Guitarist Andy Dixon and bassist Geoff MacDonald create a constant buzz, singer Gregory Adams howls, and drummer Paul Patko pounds. All the while, keyboardist ZoË Verkuylen stands laconic and throws in punctuating backing vocals. "It's hard to spazz out when your instrument is stationary," she laments as we chat on the phone, her enthusiasm crackling through the line; she makes it clear that she'd be rockin' out right along with the rest of the band if she could. The Red Light Sting sound like Pretty Girls, Hint Hint, the Murder City Devils, and Botch all tangled up in an airborne flip, a perfectly executed daredevil twist, breathtaking and spectacular in its supersonic spirit. Song titles are bursts of rhetorical questions like "Why Do Kamikaze Pilots Wear Helmets?" or "Plastic Cigars...? Then Why'd I Bring the Ashtrays!"--and "Hot Dogs! Hot Dogs!" piles on even more maniacal zing.

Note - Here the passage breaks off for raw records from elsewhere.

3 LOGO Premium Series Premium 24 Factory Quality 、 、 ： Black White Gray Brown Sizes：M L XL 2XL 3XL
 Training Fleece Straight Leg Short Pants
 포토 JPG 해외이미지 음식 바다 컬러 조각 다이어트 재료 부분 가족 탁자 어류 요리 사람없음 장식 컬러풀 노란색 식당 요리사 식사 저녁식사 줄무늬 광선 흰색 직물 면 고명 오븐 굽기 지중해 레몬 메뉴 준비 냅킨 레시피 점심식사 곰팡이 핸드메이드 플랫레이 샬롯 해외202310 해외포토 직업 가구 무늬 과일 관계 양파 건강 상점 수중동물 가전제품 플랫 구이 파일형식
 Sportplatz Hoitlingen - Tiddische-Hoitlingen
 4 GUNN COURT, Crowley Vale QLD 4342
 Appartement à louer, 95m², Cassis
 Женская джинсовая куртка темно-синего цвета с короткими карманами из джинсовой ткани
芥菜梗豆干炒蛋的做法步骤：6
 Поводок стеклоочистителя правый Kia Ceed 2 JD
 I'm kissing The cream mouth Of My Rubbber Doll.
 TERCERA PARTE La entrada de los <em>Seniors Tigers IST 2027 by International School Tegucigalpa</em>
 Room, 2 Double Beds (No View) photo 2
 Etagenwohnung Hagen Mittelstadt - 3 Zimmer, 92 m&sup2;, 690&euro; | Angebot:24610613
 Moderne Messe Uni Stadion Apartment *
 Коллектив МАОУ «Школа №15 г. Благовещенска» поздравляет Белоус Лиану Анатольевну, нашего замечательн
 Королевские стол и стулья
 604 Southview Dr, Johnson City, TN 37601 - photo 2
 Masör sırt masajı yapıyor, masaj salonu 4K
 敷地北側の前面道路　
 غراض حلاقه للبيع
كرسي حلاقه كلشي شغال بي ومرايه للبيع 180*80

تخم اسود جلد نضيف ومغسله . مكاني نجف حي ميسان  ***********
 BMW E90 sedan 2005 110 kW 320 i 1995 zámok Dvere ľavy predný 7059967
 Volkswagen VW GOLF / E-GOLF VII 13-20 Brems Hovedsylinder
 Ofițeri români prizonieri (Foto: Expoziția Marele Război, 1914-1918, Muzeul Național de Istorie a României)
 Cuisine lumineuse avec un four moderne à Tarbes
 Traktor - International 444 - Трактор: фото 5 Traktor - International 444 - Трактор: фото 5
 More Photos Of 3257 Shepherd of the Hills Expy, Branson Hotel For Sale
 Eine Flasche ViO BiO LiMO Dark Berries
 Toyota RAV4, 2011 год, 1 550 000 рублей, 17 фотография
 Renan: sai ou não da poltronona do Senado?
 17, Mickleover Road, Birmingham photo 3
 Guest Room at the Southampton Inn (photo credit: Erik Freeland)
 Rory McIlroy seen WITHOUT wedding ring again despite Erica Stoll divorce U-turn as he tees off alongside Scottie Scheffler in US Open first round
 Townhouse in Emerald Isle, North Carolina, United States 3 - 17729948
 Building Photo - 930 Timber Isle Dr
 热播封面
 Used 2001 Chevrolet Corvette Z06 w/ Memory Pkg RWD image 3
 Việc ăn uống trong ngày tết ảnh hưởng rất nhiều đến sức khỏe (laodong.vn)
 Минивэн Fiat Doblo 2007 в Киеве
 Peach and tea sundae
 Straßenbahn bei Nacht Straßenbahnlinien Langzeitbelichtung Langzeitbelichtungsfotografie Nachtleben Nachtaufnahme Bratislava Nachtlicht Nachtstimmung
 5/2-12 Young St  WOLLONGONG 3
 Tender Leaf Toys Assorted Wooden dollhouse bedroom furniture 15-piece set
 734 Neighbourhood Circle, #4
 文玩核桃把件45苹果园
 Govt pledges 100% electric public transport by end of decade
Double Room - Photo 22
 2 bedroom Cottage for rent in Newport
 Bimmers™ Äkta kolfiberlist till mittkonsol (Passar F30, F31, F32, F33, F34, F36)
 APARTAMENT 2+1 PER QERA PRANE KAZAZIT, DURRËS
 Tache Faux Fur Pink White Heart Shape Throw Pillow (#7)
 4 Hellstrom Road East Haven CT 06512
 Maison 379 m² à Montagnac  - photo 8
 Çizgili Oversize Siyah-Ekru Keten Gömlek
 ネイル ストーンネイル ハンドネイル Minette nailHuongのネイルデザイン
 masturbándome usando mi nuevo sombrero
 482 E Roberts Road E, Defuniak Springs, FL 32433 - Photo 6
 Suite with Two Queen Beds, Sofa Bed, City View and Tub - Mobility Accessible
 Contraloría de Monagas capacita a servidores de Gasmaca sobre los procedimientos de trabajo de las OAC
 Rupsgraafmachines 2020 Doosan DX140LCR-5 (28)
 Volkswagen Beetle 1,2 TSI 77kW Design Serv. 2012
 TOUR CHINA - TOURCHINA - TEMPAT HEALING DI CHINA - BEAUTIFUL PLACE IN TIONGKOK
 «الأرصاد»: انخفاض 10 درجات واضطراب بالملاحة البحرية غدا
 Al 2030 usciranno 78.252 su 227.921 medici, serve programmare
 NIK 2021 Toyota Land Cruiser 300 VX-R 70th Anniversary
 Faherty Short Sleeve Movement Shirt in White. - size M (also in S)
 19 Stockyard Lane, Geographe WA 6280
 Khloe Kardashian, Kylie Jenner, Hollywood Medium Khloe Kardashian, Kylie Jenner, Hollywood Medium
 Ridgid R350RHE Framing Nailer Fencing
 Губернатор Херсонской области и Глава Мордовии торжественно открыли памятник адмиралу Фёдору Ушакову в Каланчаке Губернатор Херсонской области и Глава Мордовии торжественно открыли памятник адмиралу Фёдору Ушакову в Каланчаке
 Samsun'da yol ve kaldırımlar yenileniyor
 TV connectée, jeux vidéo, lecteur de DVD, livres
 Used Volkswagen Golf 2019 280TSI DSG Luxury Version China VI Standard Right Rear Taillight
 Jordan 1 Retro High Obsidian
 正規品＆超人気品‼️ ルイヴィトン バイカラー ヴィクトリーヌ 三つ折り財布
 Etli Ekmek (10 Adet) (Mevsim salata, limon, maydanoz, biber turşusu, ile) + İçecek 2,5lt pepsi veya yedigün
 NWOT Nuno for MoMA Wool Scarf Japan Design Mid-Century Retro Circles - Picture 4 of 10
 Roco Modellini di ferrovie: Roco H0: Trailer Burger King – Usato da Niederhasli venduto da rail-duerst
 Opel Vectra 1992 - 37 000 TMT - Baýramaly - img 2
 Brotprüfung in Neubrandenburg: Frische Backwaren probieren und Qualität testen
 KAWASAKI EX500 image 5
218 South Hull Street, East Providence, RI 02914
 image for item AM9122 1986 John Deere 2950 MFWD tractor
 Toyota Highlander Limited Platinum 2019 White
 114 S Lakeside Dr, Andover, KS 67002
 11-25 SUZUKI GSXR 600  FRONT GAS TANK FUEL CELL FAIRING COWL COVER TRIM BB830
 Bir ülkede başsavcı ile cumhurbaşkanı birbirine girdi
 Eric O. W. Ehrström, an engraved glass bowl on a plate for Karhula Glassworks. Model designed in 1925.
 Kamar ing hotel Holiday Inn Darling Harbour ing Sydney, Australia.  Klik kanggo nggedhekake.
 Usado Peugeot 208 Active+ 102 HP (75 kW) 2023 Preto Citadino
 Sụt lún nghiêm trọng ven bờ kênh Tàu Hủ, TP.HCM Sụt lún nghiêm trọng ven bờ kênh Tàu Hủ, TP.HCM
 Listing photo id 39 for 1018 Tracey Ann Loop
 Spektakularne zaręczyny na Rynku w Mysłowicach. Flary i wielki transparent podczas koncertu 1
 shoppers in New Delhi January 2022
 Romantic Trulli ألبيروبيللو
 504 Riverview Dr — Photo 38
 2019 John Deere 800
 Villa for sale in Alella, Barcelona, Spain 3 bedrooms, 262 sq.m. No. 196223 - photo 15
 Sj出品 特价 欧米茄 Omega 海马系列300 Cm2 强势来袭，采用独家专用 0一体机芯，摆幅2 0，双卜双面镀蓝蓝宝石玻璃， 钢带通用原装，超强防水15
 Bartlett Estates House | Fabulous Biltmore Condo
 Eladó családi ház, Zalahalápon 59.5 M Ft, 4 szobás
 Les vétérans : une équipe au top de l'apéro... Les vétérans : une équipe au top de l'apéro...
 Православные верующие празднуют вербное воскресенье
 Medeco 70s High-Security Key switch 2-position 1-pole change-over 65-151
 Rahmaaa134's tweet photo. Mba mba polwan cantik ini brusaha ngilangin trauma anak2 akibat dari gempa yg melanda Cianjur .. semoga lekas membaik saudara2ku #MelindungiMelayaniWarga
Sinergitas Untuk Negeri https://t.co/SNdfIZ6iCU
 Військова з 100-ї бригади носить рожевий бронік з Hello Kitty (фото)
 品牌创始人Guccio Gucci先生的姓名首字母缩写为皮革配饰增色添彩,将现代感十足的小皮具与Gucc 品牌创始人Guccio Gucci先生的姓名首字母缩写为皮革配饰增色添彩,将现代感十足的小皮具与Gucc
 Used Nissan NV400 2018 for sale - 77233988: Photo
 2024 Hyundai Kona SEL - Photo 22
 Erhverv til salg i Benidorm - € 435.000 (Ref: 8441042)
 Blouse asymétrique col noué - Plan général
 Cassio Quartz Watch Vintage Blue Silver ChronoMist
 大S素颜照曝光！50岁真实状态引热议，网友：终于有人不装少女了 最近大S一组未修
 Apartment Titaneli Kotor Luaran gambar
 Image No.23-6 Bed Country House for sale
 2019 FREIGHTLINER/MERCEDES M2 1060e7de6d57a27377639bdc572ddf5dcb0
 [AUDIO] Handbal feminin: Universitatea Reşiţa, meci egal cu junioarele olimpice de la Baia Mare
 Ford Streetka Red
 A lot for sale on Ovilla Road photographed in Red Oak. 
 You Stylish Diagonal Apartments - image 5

Like their friends Hot Hot Heat, who recently made the jump from Sub Pop to Warner Bros., the Red Light Sting are entertaining their options: Several small labels have offered to back them when they release a full-length debut. "It's flattering," says Verkuylen, "because I know how much money it takes to put out a record, and [the fact] that people are willing to invest in us makes us feel great." (She co-owns the band's label, Ache.) Typical to their sound, however, the band can't imagine being tied down. Concludes Verkuylen, "We don't know what we'll be doing a month from now, so committing to anything is impossible."